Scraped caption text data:
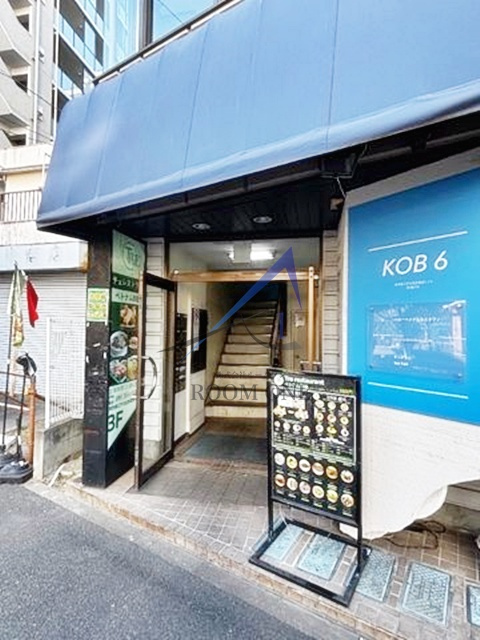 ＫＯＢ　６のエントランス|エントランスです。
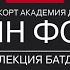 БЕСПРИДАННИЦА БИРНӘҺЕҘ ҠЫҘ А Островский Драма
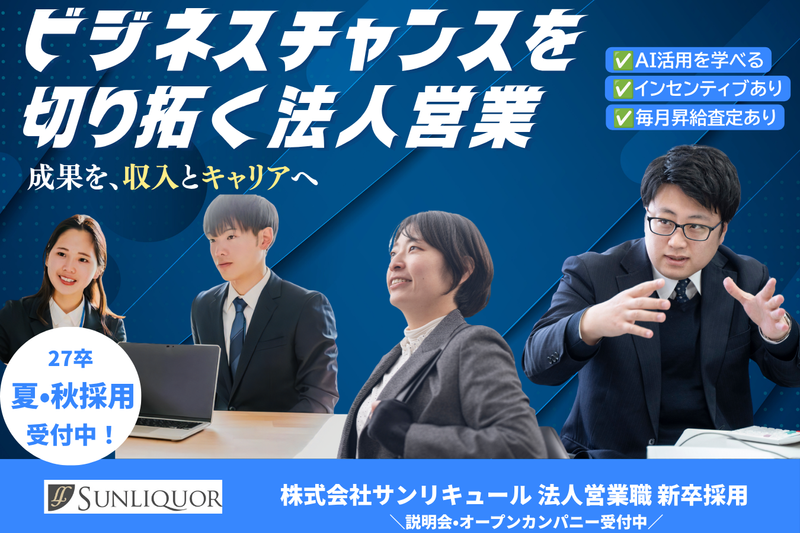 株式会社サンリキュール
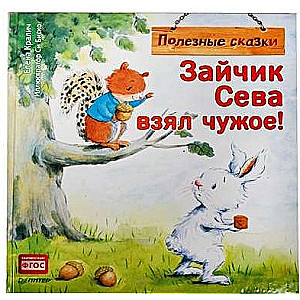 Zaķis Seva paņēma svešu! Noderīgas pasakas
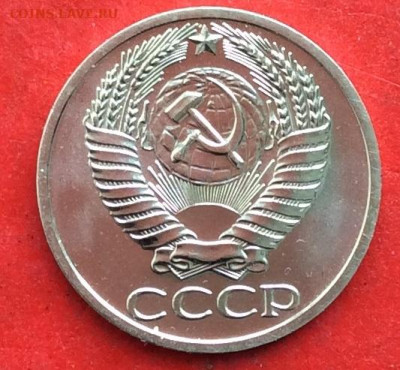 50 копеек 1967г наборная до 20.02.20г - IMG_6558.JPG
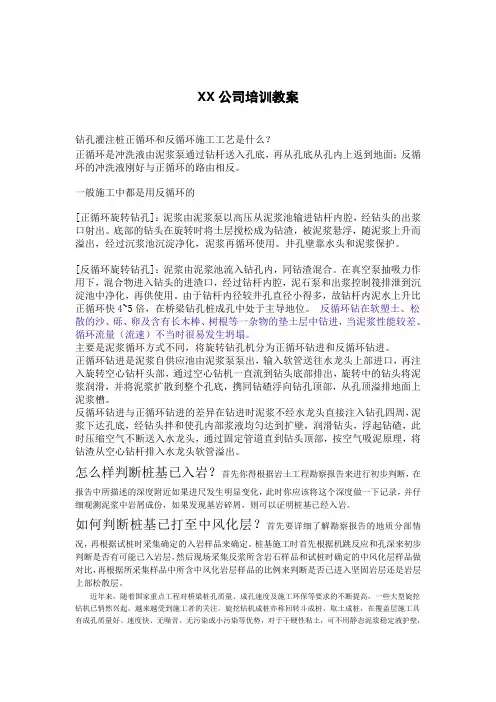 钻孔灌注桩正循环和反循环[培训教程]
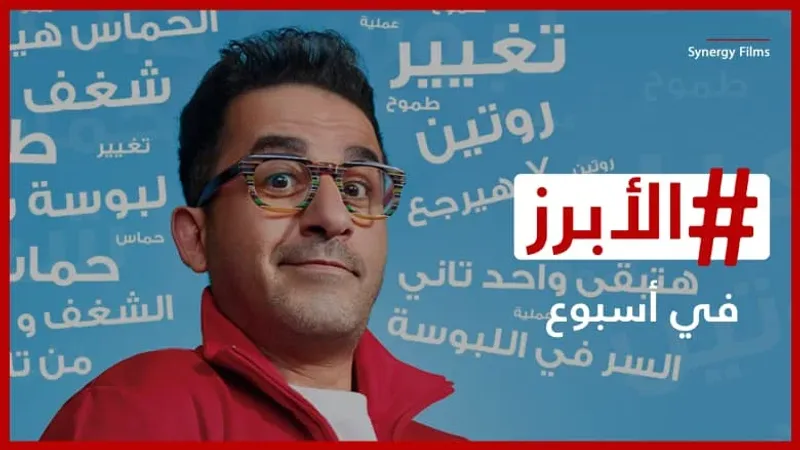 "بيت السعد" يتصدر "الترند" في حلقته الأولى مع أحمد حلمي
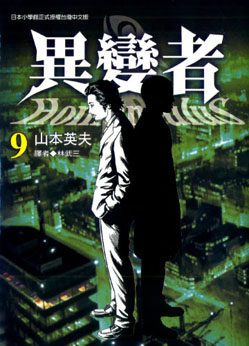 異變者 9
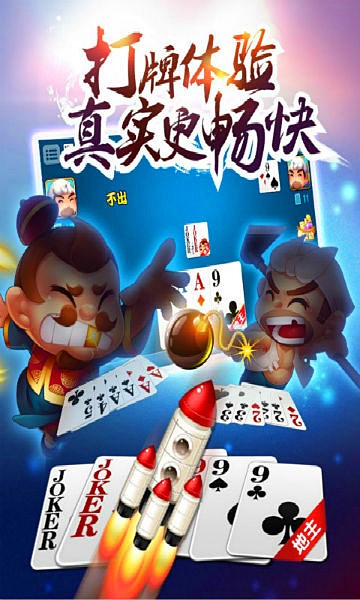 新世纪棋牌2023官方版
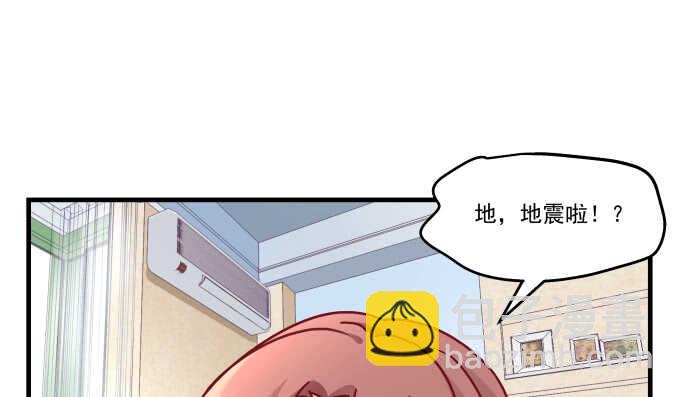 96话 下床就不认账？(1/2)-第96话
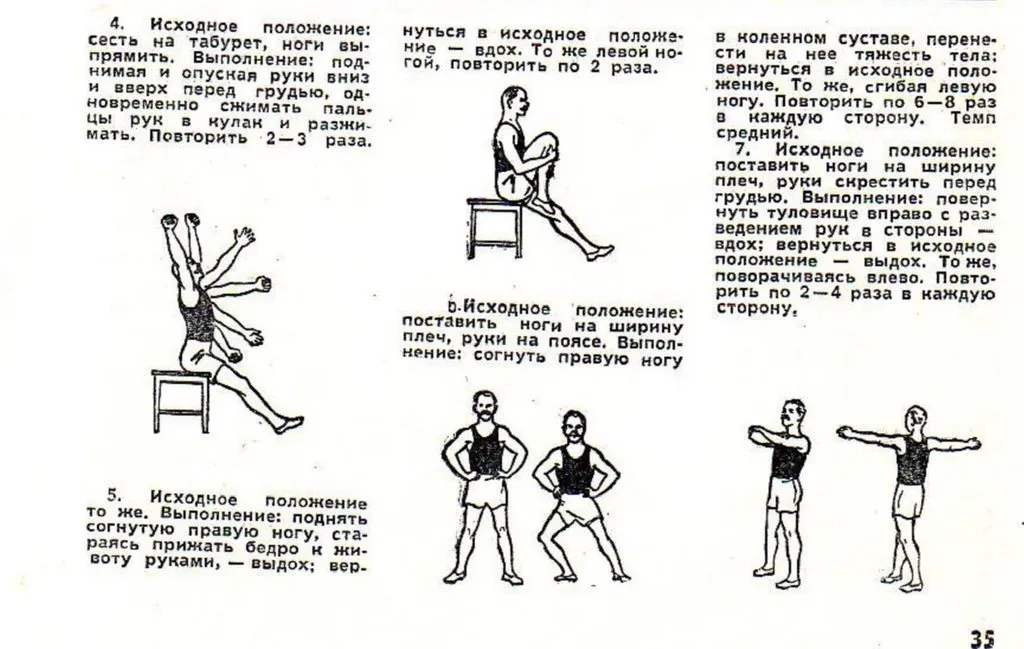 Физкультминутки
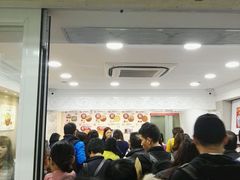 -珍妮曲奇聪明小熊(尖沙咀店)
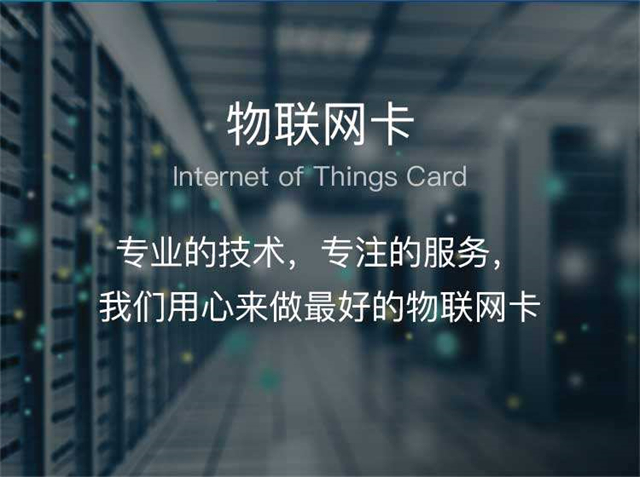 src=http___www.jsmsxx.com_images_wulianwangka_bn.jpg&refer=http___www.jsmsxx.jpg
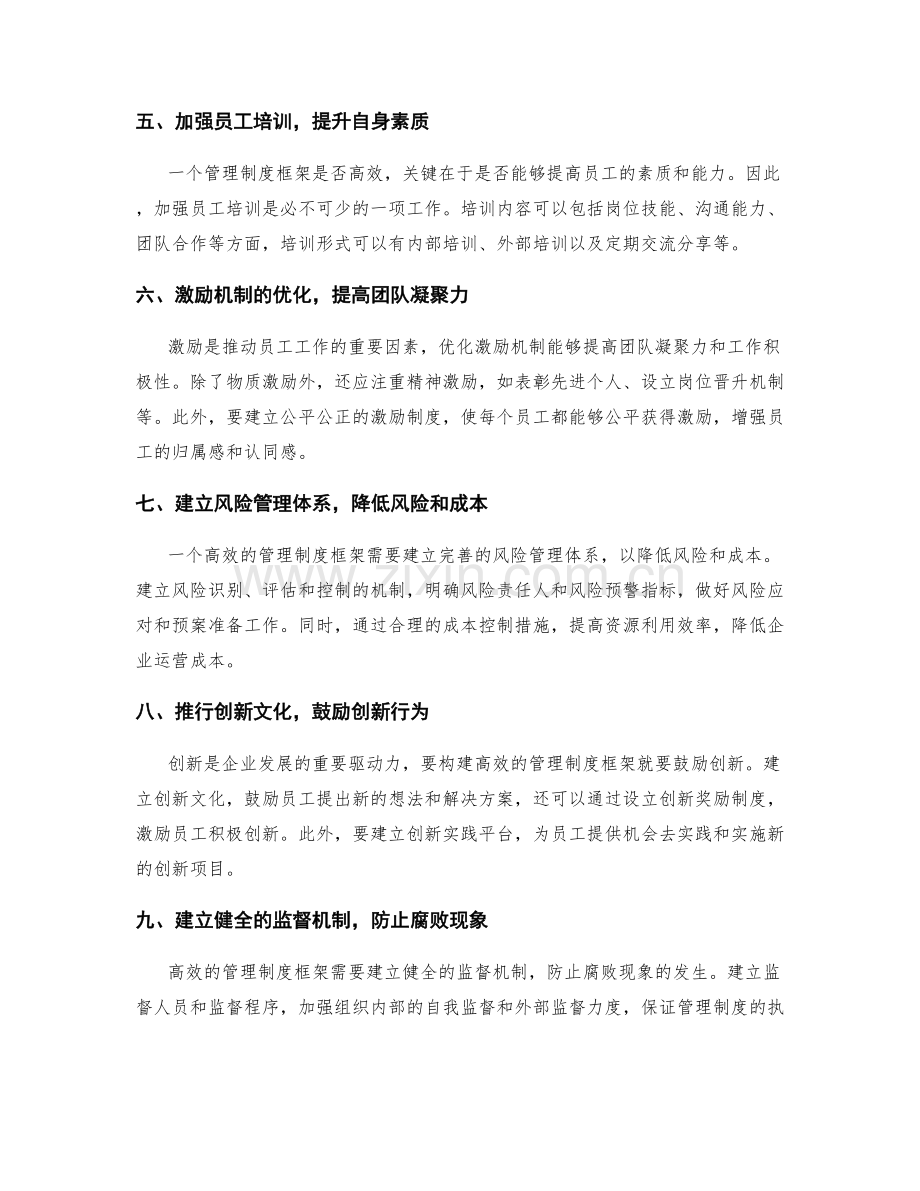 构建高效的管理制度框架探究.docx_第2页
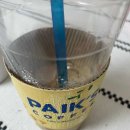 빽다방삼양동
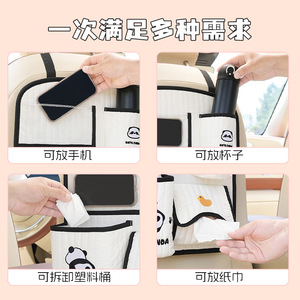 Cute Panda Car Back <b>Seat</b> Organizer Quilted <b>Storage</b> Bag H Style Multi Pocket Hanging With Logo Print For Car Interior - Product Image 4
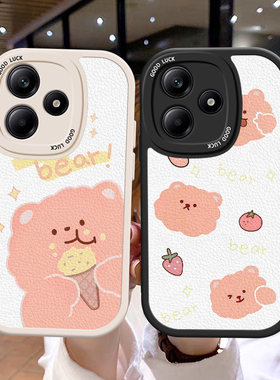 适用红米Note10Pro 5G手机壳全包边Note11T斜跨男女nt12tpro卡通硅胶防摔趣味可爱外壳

*Instructions for the task:*
Set the pictures aside and reproduce the data above exactly.

*Reply to the exercise:*
 ＫＯＢ　６のエントランス|エントランスです。
 БЕСПРИДАННИЦА БИРНӘҺЕҘ ҠЫҘ А Островский Драма
 株式会社サンリキュール
 Zaķis Seva paņēma svešu! Noderīgas pasakas
 50 копеек 1967г наборная до 20.02.20г - IMG_6558.JPG
 钻孔灌注桩正循环和反循环[培训教程]
 "بيت السعد" يتصدر "الترند" في حلقته الأولى مع أحمد حلمي
 異變者 9
 新世纪棋牌2023官方版
 96话 下床就不认账？(1/2)-第96话
 Физкультминутки
 -珍妮曲奇聪明小熊(尖沙咀店)
 src=http___www.jsmsxx.com_images_wulianwangka_bn.jpg&refer=http___www.jsmsxx.jpg
 构建高效的管理制度框架探究.docx_第2页
 빽다방삼양동
 Cute Panda Car Back <b>Seat</b> Organizer Quilted <b>Storage</b> Bag H Style Multi Pocket Hanging With Logo Print For Car Interior - Product Image 4
 适用红米Note10Pro 5G手机壳全包边Note11T斜跨男女nt12tpro卡通硅胶防摔趣味可爱外壳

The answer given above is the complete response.